Problem requirements
Restate the listing below word for word; no picture is to be carried over.

─── Information

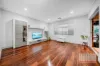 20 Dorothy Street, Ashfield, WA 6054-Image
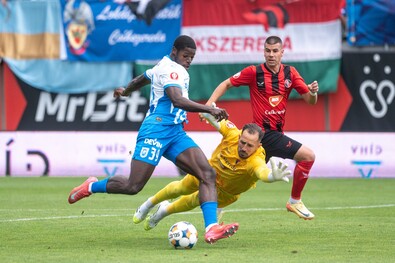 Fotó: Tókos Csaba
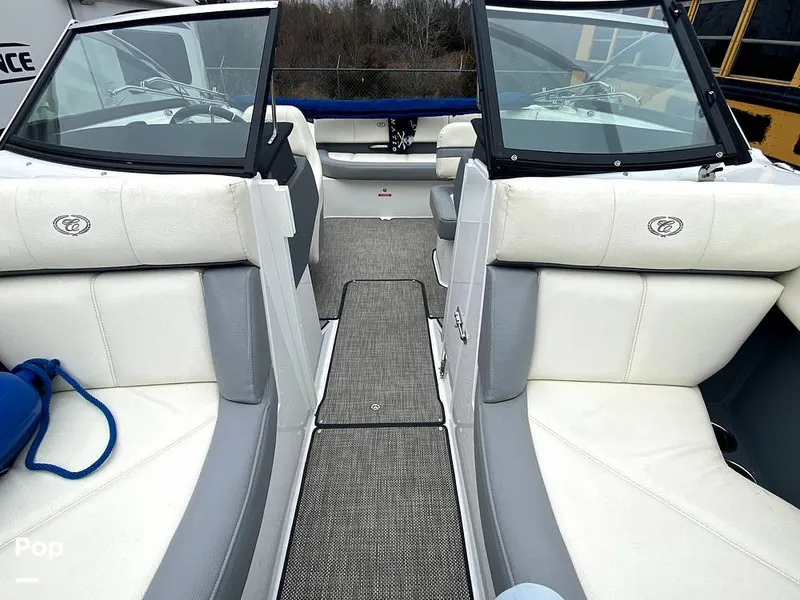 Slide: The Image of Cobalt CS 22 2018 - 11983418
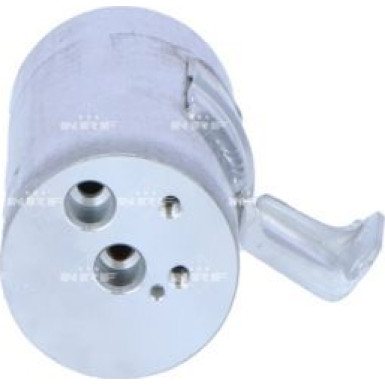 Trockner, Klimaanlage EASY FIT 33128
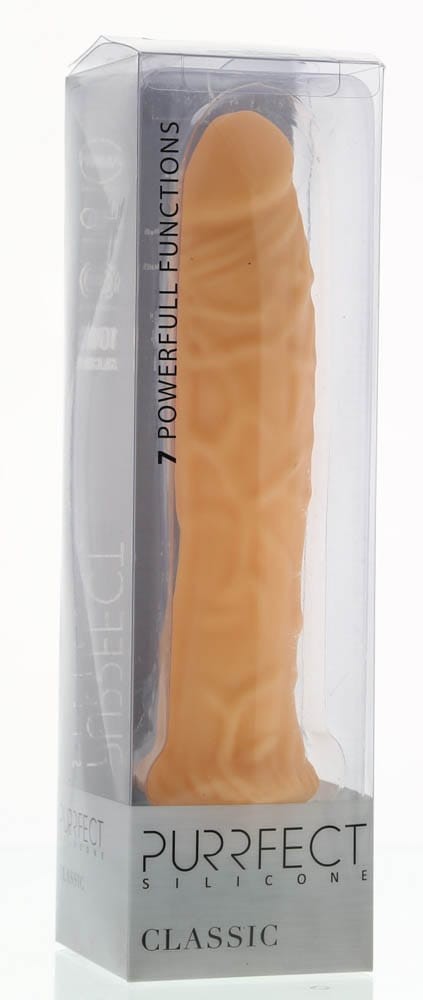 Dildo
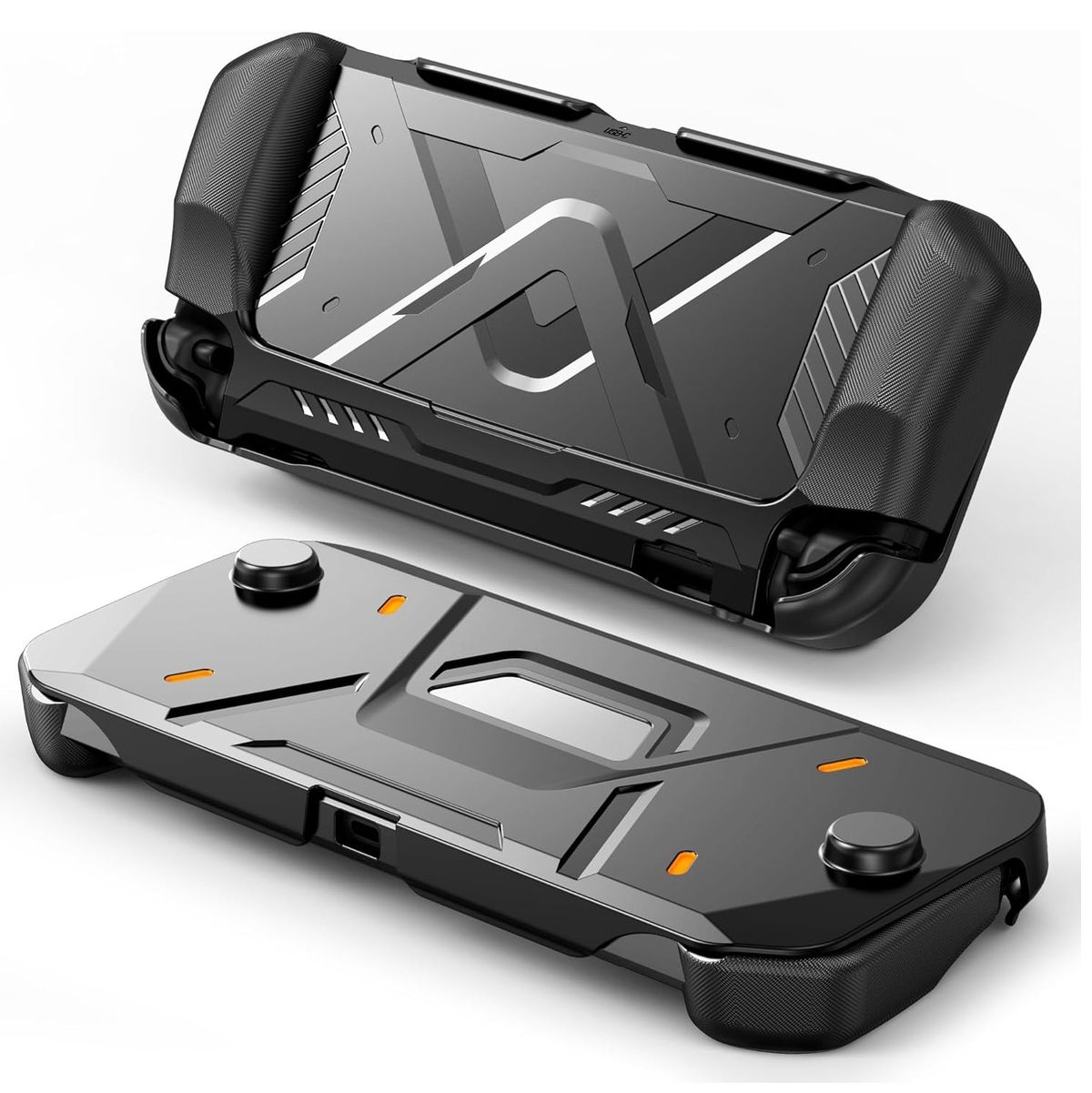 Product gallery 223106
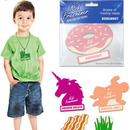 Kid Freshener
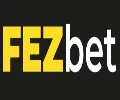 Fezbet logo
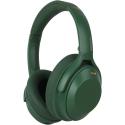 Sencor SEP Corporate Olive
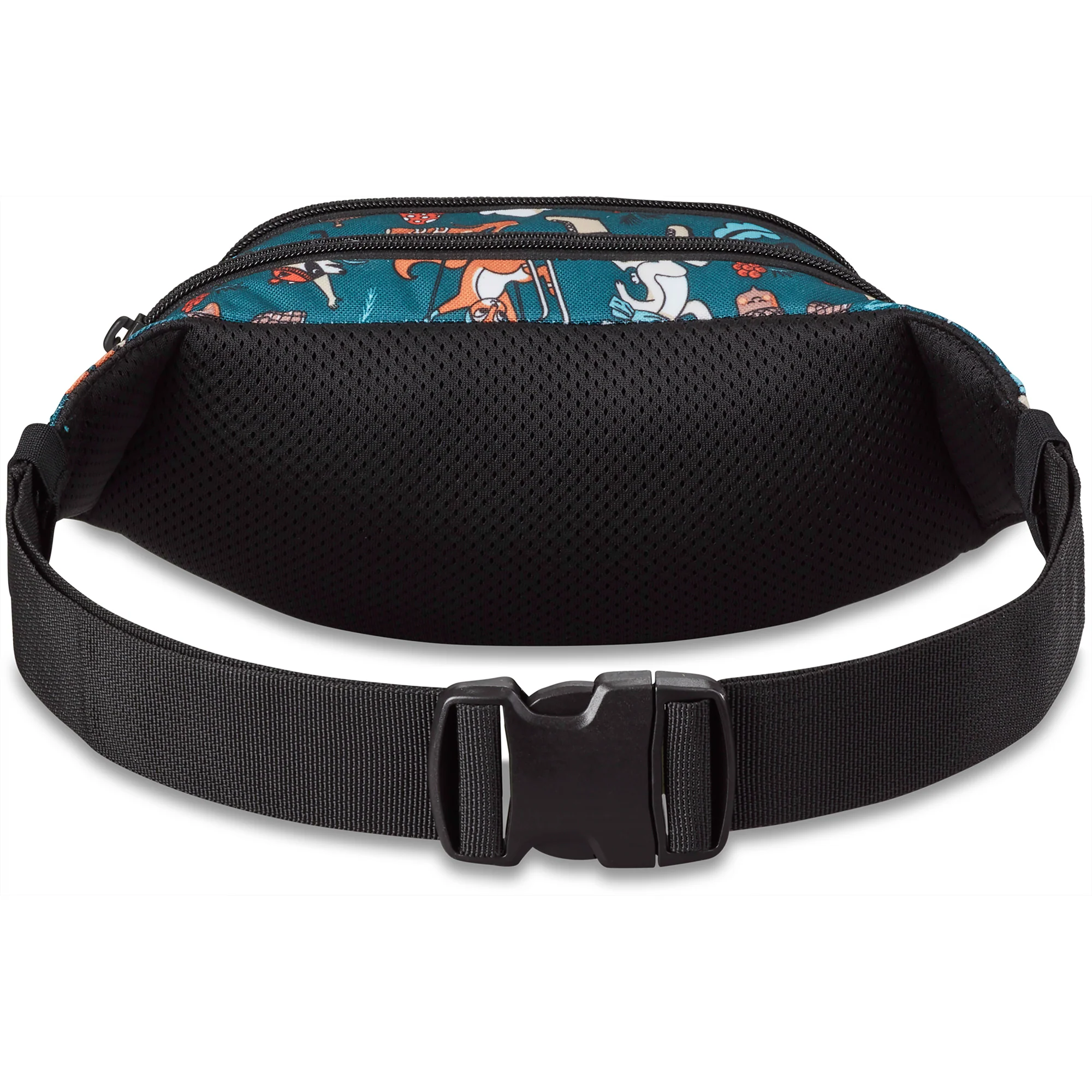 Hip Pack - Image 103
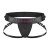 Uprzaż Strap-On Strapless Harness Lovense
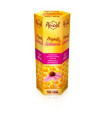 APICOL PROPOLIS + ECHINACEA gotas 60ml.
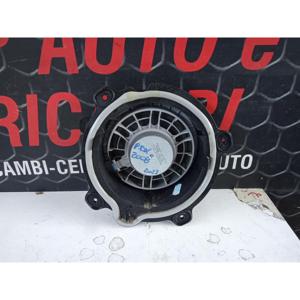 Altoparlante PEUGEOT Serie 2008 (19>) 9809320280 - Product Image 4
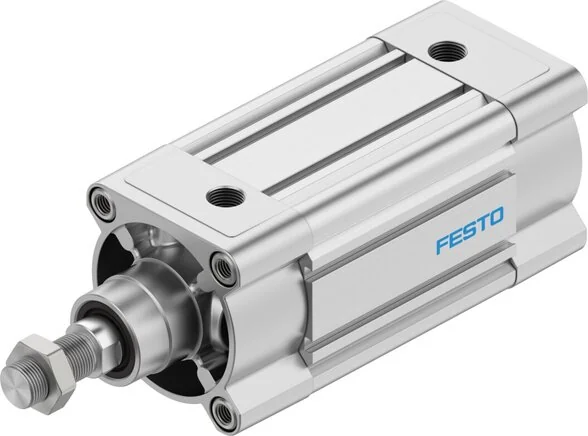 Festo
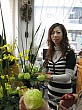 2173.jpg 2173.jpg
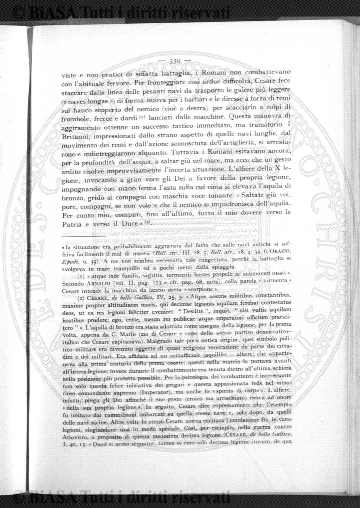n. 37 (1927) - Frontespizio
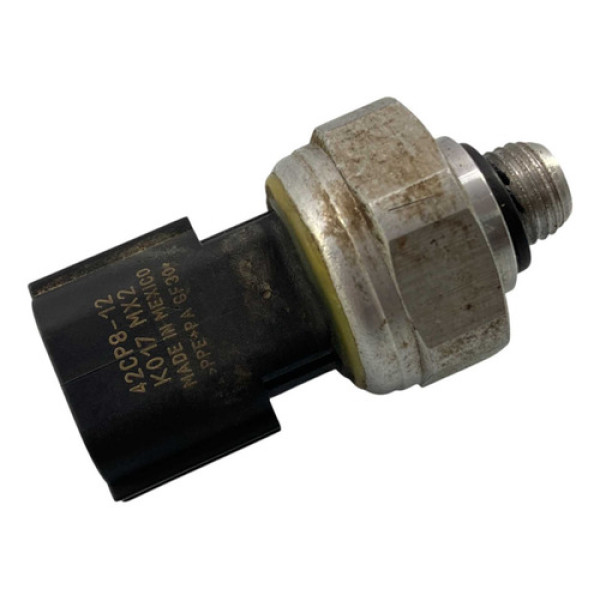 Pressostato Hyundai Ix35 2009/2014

──────

Your solution
 20 Dorothy Street, Ashfield, WA 6054-Image
 Fotó: Tókos Csaba
 Slide: The Image of Cobalt CS 22 2018 - 11983418
 Trockner, Klimaanlage EASY FIT 33128
 Dildo
 Product gallery 223106
 Kid Freshener
 Fezbet logo
 Sencor SEP Corporate Olive
 Hip Pack - Image 103
 Uprzaż Strap-On Strapless Harness Lovense
 APICOL PROPOLIS + ECHINACEA gotas 60ml.
 Altoparlante PEUGEOT Serie 2008 (19>) 9809320280 - Product Image 4
 Festo
 2173.jpg 2173.jpg
n. 37 (1927) - Frontespizio
 Pressostato Hyundai Ix35 2009/2014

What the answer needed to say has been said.